TASK BRIEF
Please transcribe exactly the line that holds "Pont roman in" and all lines that follow it to the end of the records below, omitting any pictures.
++++++
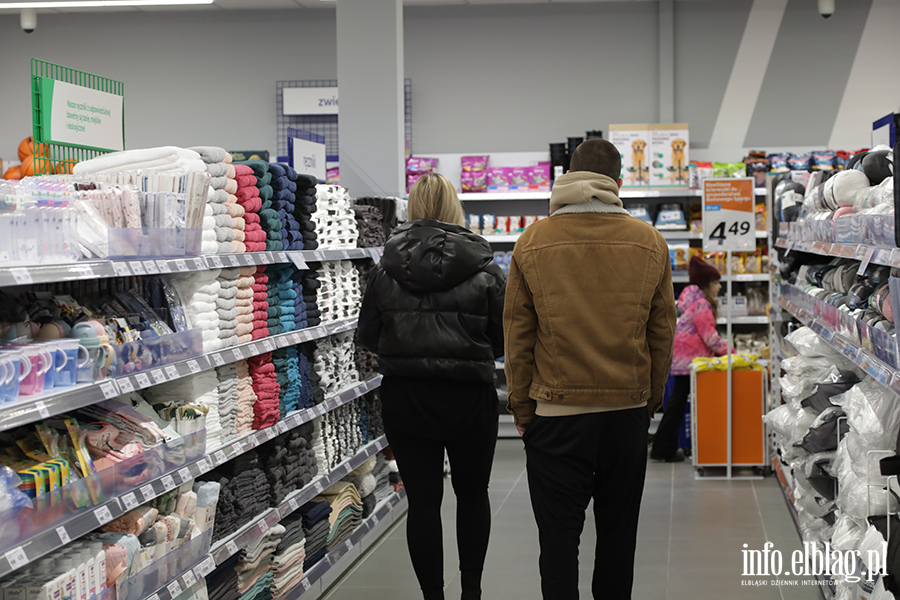 Elblanie tumnie przybyli na otwarcie drugiego sklepu Action?, fot. 18
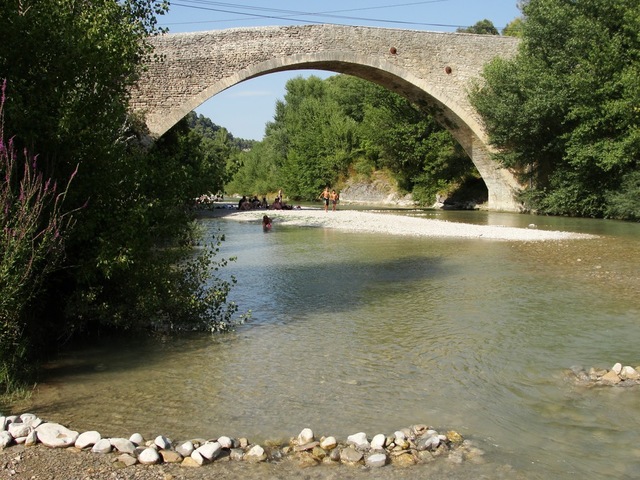 Pont roman in Entrechaux - Foto: Dina Vercruyssen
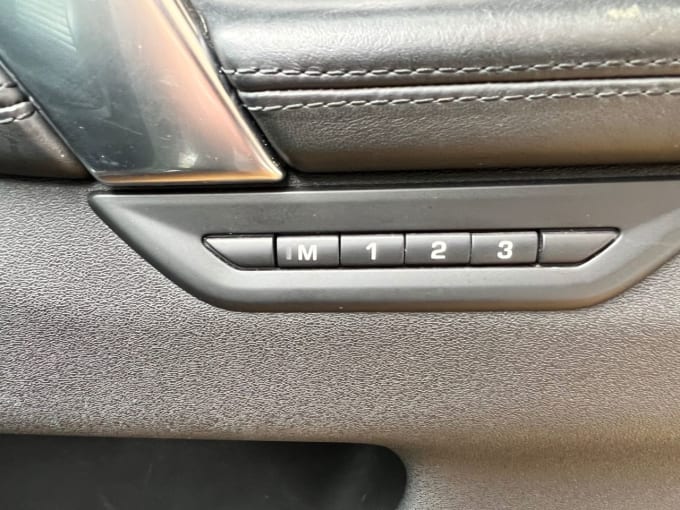 2025 Land Rover Discovery Sport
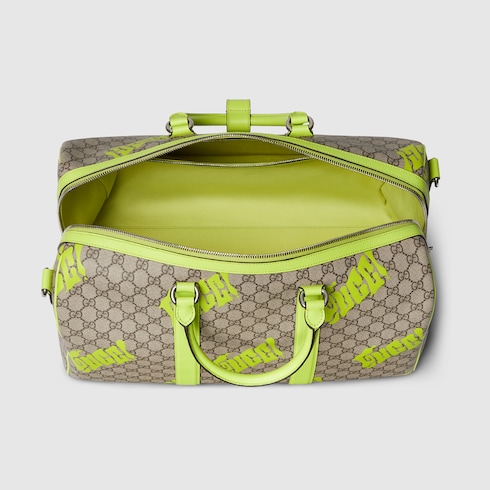 Medium duffle bag with print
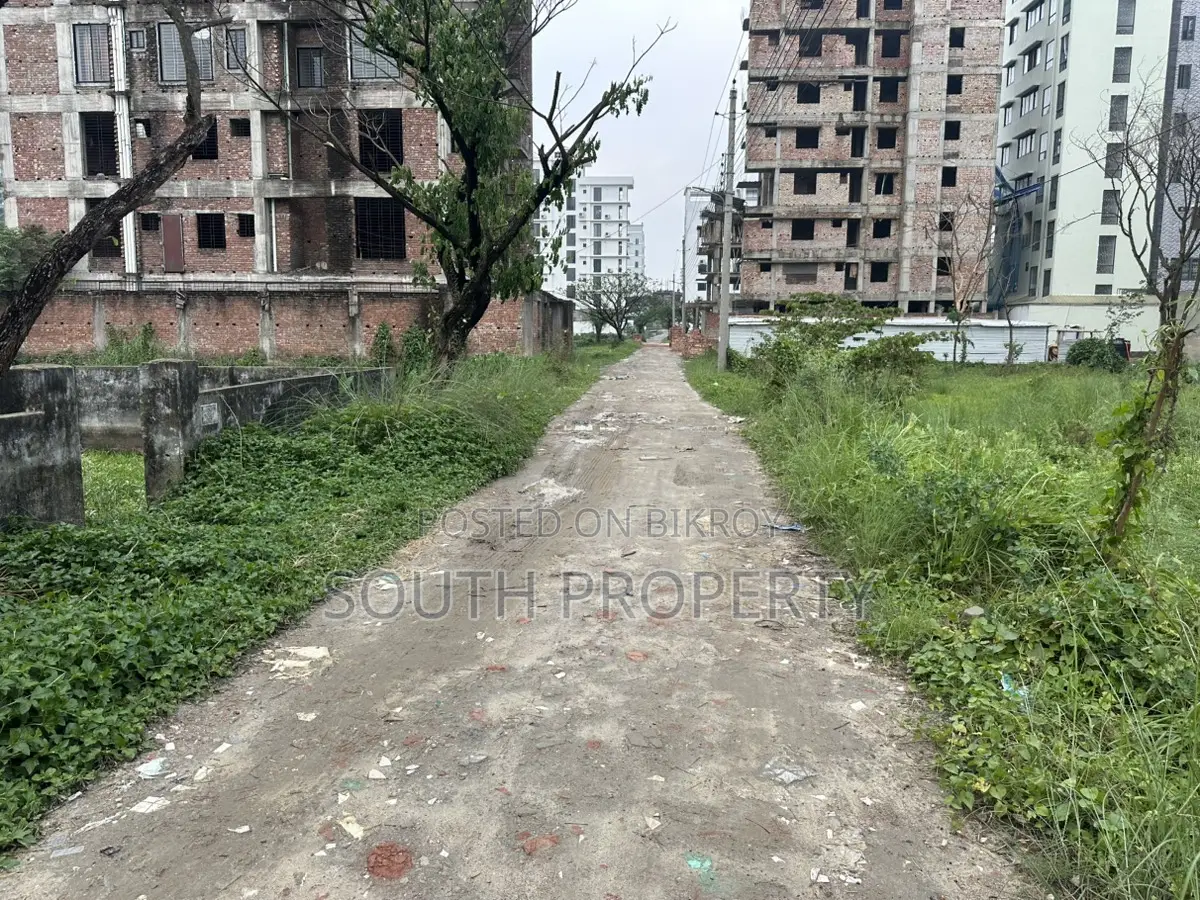 Block-L, (3+3)=6 Katha, South-Face, Plot Urgent Sell, Bashundhara R/A in Basundhara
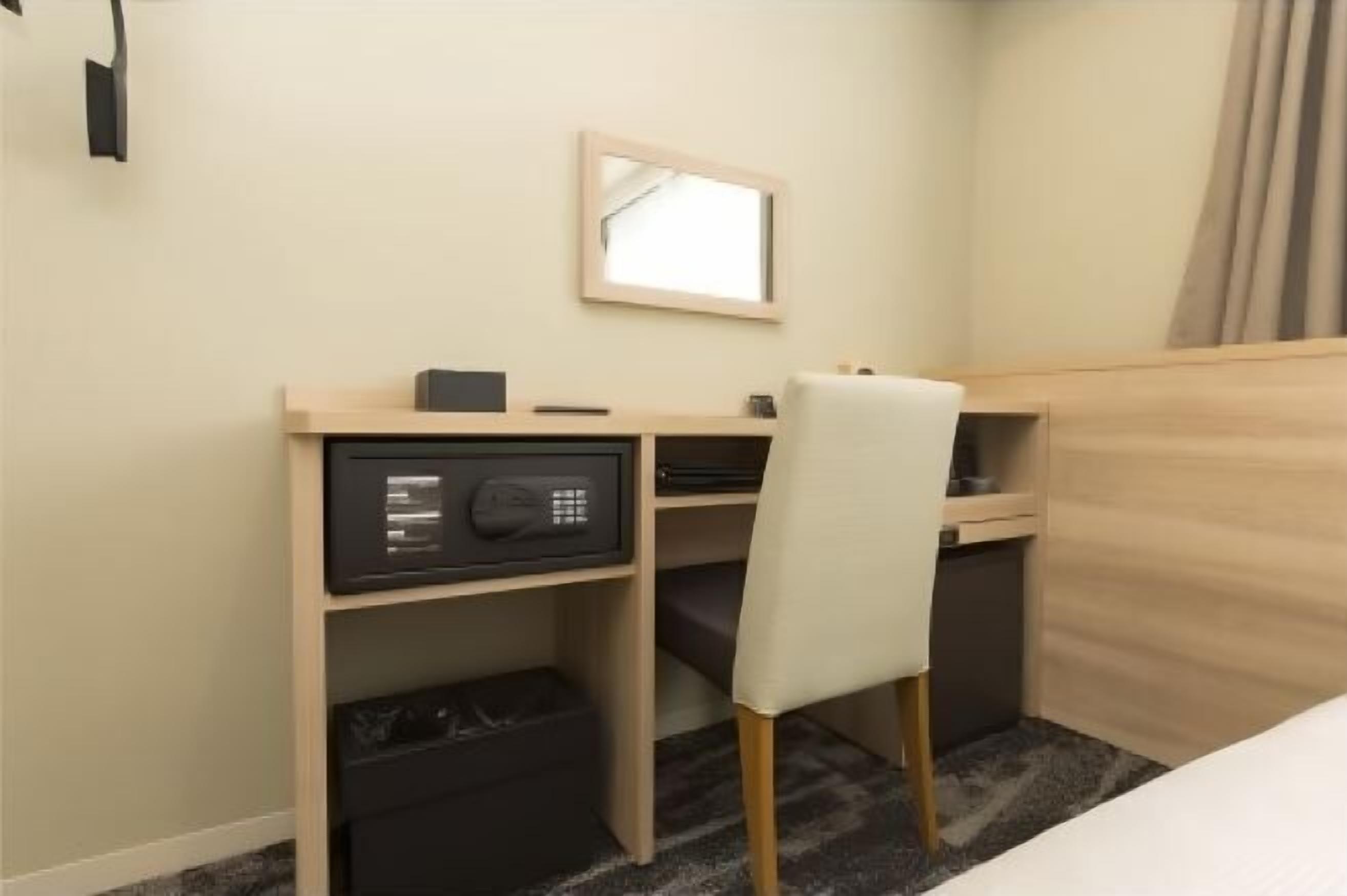 Daunenbettdecken, Zimmersafe, Schreibtisch, schallisolierte Zimmer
++++++
SOLUTION BELOW
 Pont roman in Entrechaux - Foto: Dina Vercruyssen
 2025 Land Rover Discovery Sport
 Medium duffle bag with print
 Block-L, (3+3)=6 Katha, South-Face, Plot Urgent Sell, Bashundhara R/A in Basundhara
 Daunenbettdecken, Zimmersafe, Schreibtisch, schallisolierte Zimmer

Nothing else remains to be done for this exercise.